Instantly share code, notes, and snippets.

What would you like to do?
Web Archiving Week, 12-16 June 2017

Web Archiving Week, 12-16 June 2017

Live notes, so an incomplete, partial record of what actually happened.

Tags: WAWeek2017

My asides in {}


RESAW (A Research Infrastructure for the Study of Archived Web Materials) Conference

Wednesday 14 June


Session 1A

Valérie Schafer & Francesca Musiani: Do web archives have politics?

Yes! Because somewhere like the BnF collections 'political events' but has to choose what is political .. choices of topics, hashtags et al are political choices of things that are political .. all archives are arrangements of power, so politics .. methods of access to get around the complexity of web archives tend to focus on web archives as big data: but we don't need to do this

Richard Deswarte: What can web link analysis reveal about the nature and rise of Euroscepticism in the UK?

Example is historian struggling to work with web archives: mixed methods approach - don't forget the qualitative .. timeframe of the web useful dovetails nicely with the rise of euroscepticism {but, is it a problem that all your quant charts/counts start with the start of the web and can't go earlier: historical analysis shaped/constrained by the source not the questions?} .. you need to know your context, non-UKIP on web

Tatjana Seitz: Digital desolation

90s homepages that are still alive .. much early web can be read as digital folklore (eg Geocities) .. look/feel/colours/gifs .. pluck the human out of the layout, the narrative it presented .. homepages have 'grammars of actions': designs that are designed to make us act in certain ways .. if we think in the logic of search we struggle to deal with early web pages .. Grab Them All plugin good for getting screenshots from a list of URLs .. not just about text but pictures

#WAweek2017 One rare conference where you can have a PPT with plenty of gifs & colors and be taken seriously, as colleagues have the same :)

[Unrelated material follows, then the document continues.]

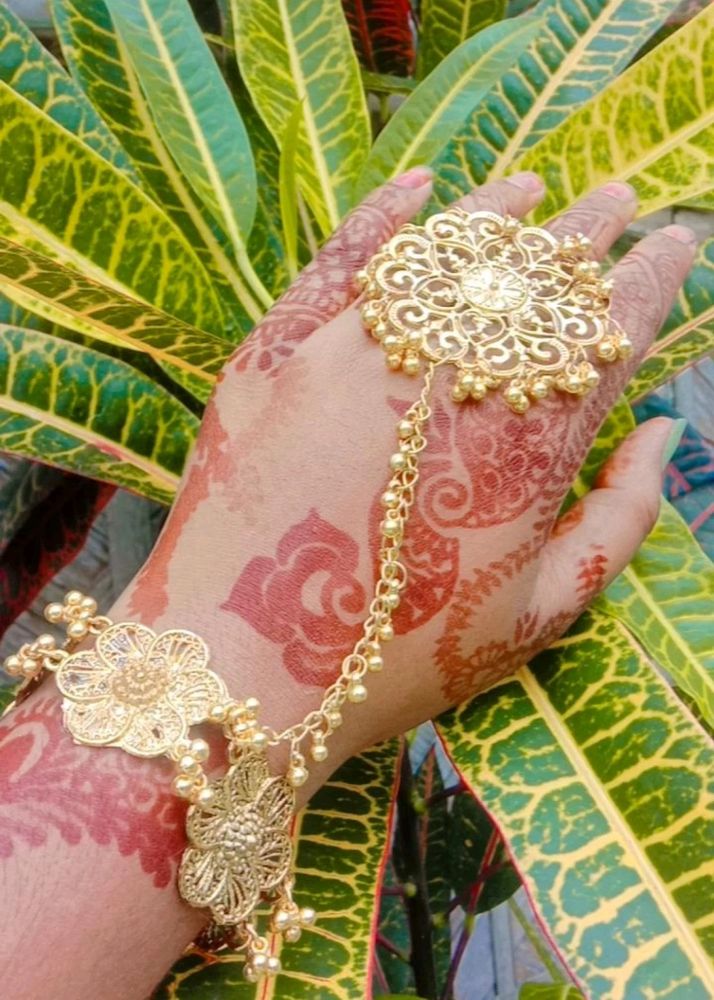 Brand New***Alloy Armlet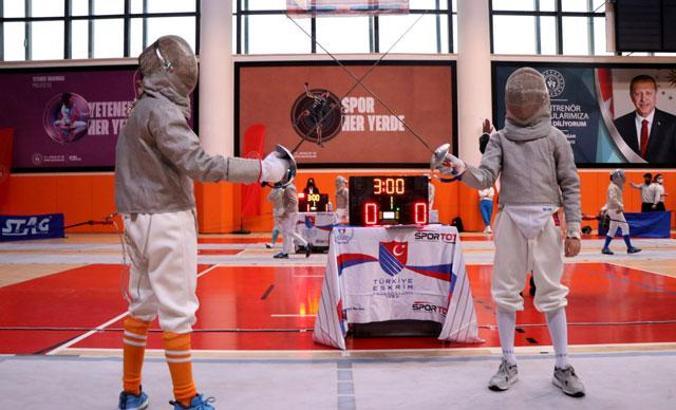 Edirne'de 'Eskrim Kılıç Açık Turnuvası' başladı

— Valérie Schafer (@valerie_schafer) June 14, 2017

Ralph Schroeder: Web archives and theories of the web

Analogy with newspapers: historians don't want the whole thing, they want what is important .. we want a web archive that enables history from below that captures what people got from the web, 'web audiences studies' .. little in terms of 'theories of information seeking' .. what did people get from the web that they didn't/couldn't get from any other medium? .. user studies, but attention, information source - passive

tweets from other sessions

"We need less English language web archive content!" Jefferson Bailey presenting current work of @internetarchive #WAweek2017

— Naomi Wells (@NASWells) June 14, 2017

. @jfwinters stresses the importance of the role of oral histories in the history of technology #absolutely #WAweek2017

— Sally Chambers (@schambers3) June 14, 2017

Session 2A

Peter Webster: Utopia, dystopia and Christian ethics: early religious understandings of the web

How people ceased to tell their life stories in religious terms .. but lots of religious language lingers .. 1996-1999: burst of writing around spiritual implications of WWW .. Dystopia relied on reaction to fear of imposition of someone else's utopia .. use writing about the web and writing about the writing about the web .. 'Space' significant metaphor for the web ..

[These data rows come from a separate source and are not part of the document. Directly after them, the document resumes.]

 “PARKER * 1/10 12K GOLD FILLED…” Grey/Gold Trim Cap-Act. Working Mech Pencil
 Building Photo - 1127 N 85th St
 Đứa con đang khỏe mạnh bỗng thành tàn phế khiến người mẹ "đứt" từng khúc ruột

#WAweek2017 @pj_webster has given us a reading list of people talking about the web in religious terms. Thanks Peter!

— James Baker (@j_w_baker) June 14, 2017

.. feeling of web has having an ontological reality .. presence of sense that cyberspace has a soul .. pioneers / founding fathers histories of the WWW have a religious, priestly tone .. cyberspace pitched as a world that we have made (Jennifer Cobb, Cybergrace (1998)) .. not saying these are influential; more orthodox Christians less engaged with the idea that the web was a manifestation of god, conscious, working towards autonomy et cetera .. dystopian visions made a distinction between what machines/computers could do and what they should be allowed to do .. christian principles brought to bear on ethical discussion of computing .. ethical discussion of web infused with religious language.

Fascinating presentation from @pj_webster on religious understandings of the web - was not expecting talk of teilhard de chardin #WAWeek2017

— Jane Winters (@jfwinters) June 14, 2017

Sally Chambers, Peter Mechant, Sophie Vandepontseele & Nadège Isbergue: Aanslagen, Attentats, Terroranschläge: developing a special collection for the academic study of the archived web related to the Brussels terrorist attacks in March 2016

Web archiving in Belgium in motion .. PROMISE project will work on pilot access and use of Belgian web archive ..

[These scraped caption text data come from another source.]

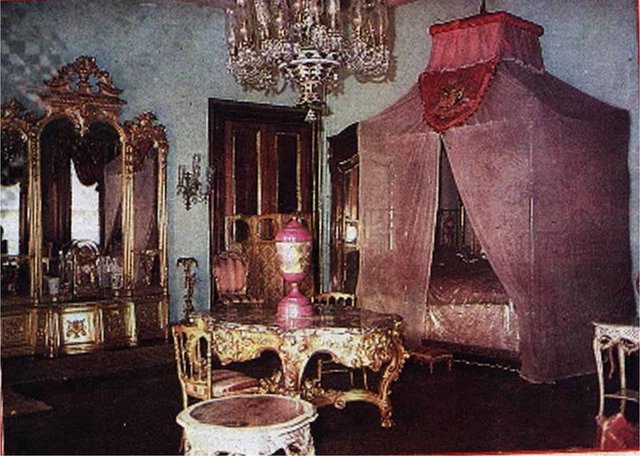 Biçimde, ayrıntılarda ve süslemelerde gözlenen belirgin Batı etkileri, İmparatorluğun son döneminde değişen estetik değerlerin bir yansımasıdır.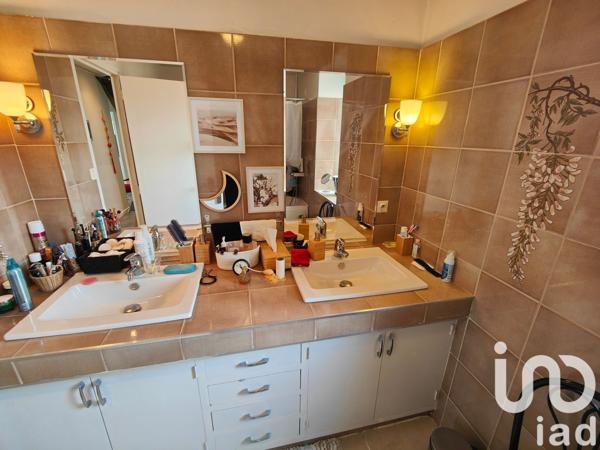 Appartement 4 pièces de 115 m² à Bédarieux (34600)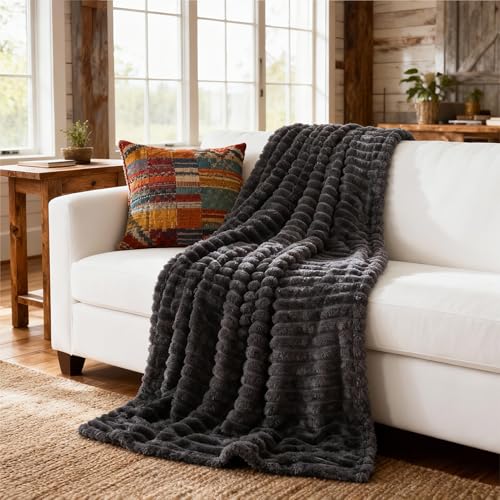 BEDSURE Kuscheldecke Flauschig - Wolldecke & Fleecedecke, Sofadecke, Weiche Warme Grobe Korddecke Gemütlicher Überwurf für Zimmer Deko, Wohn- & Kuscheldecken, Tagesdecke, Dunkelgrau, 130 x 170 cm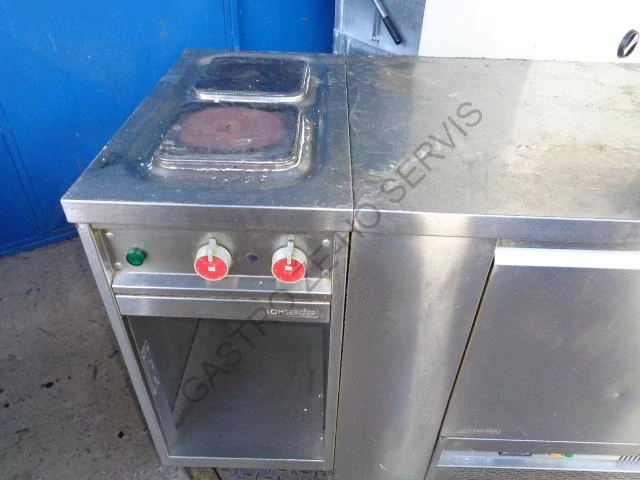 Chladící stůl s dvířky + dvouplotýnkové vařidlo  E-2/700ZS vlevo  1500x700x840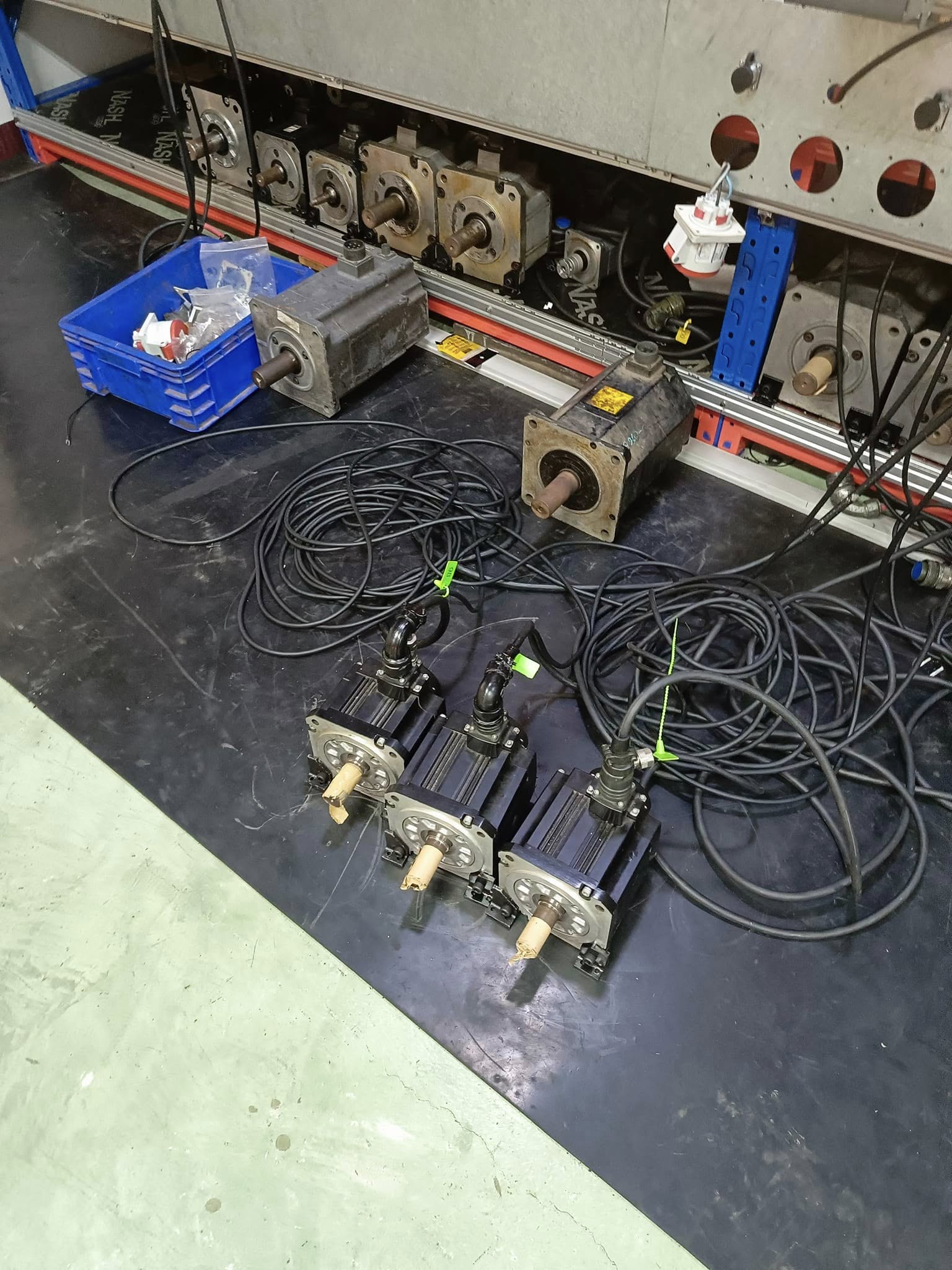 ซ่อม MITSUBISHI MDSEMSPV310080B กล่องรวม SERVO drive รุ่นใหม่ล่าสุด ใช้กับ M80 อาการเสีย ALARM Y03 DRIVE UNIT EQUIPPED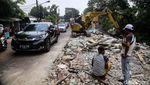 Jalan Mau Dilebarkan, Bangunan di Simpang Sasak Tangsel Dibongkar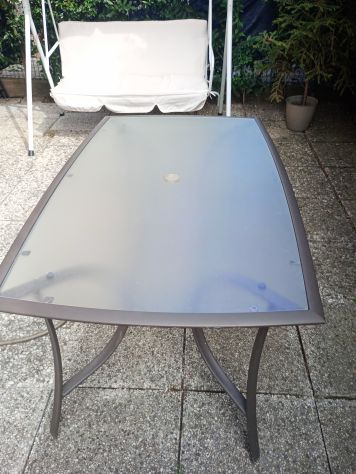 Tavolo da giardino con 6 sedie e dondolo - Foto 2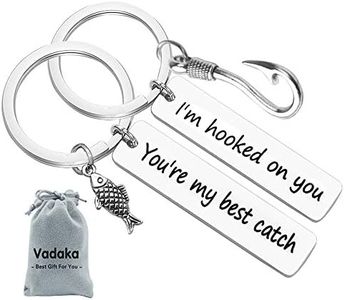 Vadaka Couple Keychain I'm Hooked on You You're My Best Catch Keychain Set Fisherman Gift Fishing Lure Jewelry Couple Gift for Lovers Boyfriend Girlfriend,2 Pcs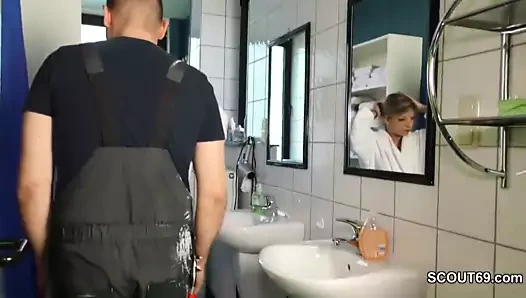 Kız ayartmak için sikme tarafından tamirci tarafından adım anne olduğunu uzakta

. @schambers3 is now giving a presentation about #webarchive and the #BrusselsAttacks in March 2016. Sadly familiar... #WAweek2017

— Dépôt légal web BnF (@DLWebBnF) June 14, 2017

.. Royal Library of Belgium: problem of web being published but because it has to be collected rather than deposited (legal deposit library) then it had to be added to the mission statement of the library to justify collection ..

@schambers3 discussing new Belgium WA program - DNS Belgium has lots of data about the Belgium web! #WAweek2017

— Abbie Grotke (@agrotke) June 14, 2017

Sally Chambers talking about archiving the Belgian terrorist attacks - starting from just 10 seeds they collected 60GB of data #WAWeek2017

— Jane Winters (@jfwinters) June 14, 2017

Lucien Castex: The web as a memorial: real-time commemoration of the November 2015 Paris attacks on Twitter

Post-mortem digital identities .. studying grieving online .. challenges with fine grain, minute-by-minute Twitter based research: correct times, capturing links, accurate geolocation ..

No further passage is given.